Il est étonnamment paradoxal qu'au moment où le pays célèbre ses 55 ans d'Indépendance, des questions se posent sérieusement sur l'indépendance de ses institutions phares, celles qui consolident la vie démocratique du pays, agissant souvent comme un rempart contre les dérives pouvoiristes.

Ces derniers jours, on a assisté à une escalade verbale contre le bureau du Directeur des poursuites publiques (DPP) et la magistrature. Certains parleront carrément d'attaques frontales où l'effet déclencheur reste la libération conditionnelle de Bruneau Laurette soupçonné de trafic de drogue. Indépendamment des raisons avancées par les uns et les autres pour justifier l'artillerie lourde contre l'activiste social, il est difficile de ne pas admettre que la finalité de tout ce remue-ménage relève d'un postulat que certains observateurs ont déjà compris. Soit le positionnement de Bruneau Laurette comme adversaire de taille face à l'alliance gouvernementale, celui qui a pu cristalliser la colère d'une population médusée par le drame écologique du Wakashio en une marée humaine, un 29 août 2020.

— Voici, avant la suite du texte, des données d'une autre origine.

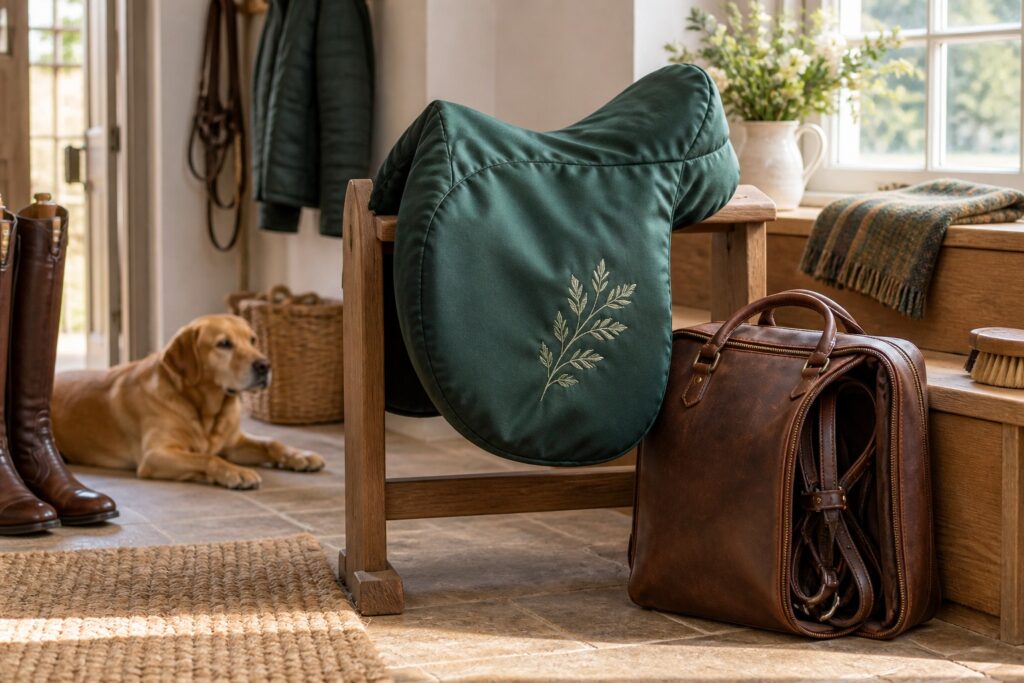 A deep green embroidered saddle cover neatly presented with a leather bridle bag in a warm country boot room.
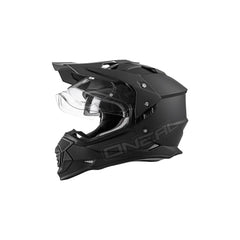 O'NEAL Sierra helmet in flat black LG with integrated shield for street and adventure riding comfort
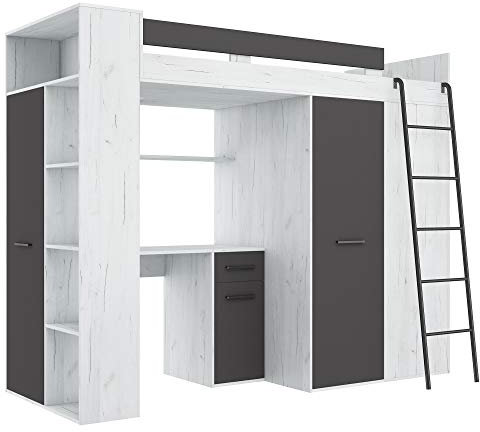 BIM Furniture, VERANA P - Letto a castello, letto a soppalco, 190x90 cm, con scale, armadio, mensola, scrivania, per bambini, lato destro (bianco/grafite)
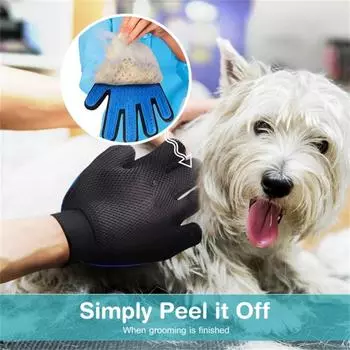 Перчаточные щетки для ухода за домашними животными, инструмент для удаления линяющих волос у домашних животных, щетка или расческа для массажа и купания домашних животных, для собак, кошек, лошадей One Size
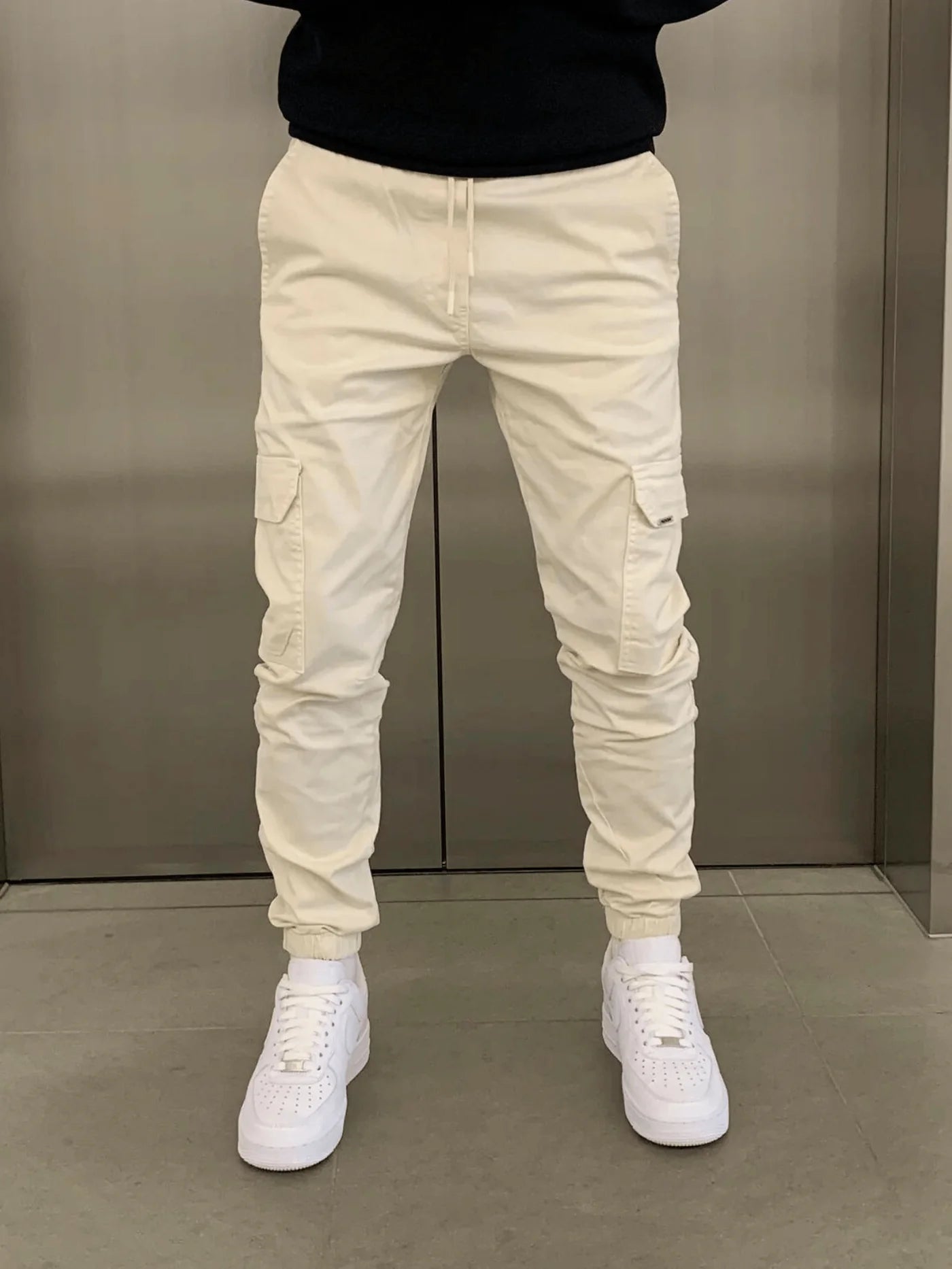 Men's Cargo Joggers Black Cotton - Best Joggers for Men, Comfortable Fit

Certes, Bruneau Laurette est loin de bénéficier du même courant de sympathie mais il reste quand même une forte valeur de nuisance pour le pouvoir, voire un caillou dans les chaussures de la majorité. À trop vouloir braquer les projecteurs sur sa personne, en interrogeant les conditions de sa libération sous caution, une démarche qui remet subtilement en cause l'indépendance du judiciaire, le pouvoir tente maladroitement de le présenter comme un véritable adversaire politique, plus redoutable que les dirigeants politiques mainstream. Si personne n'a compris ces manoeuvres politiciennes avec des attaques à peine voilées contre sa personne, c'est qu'on n'a rien compris.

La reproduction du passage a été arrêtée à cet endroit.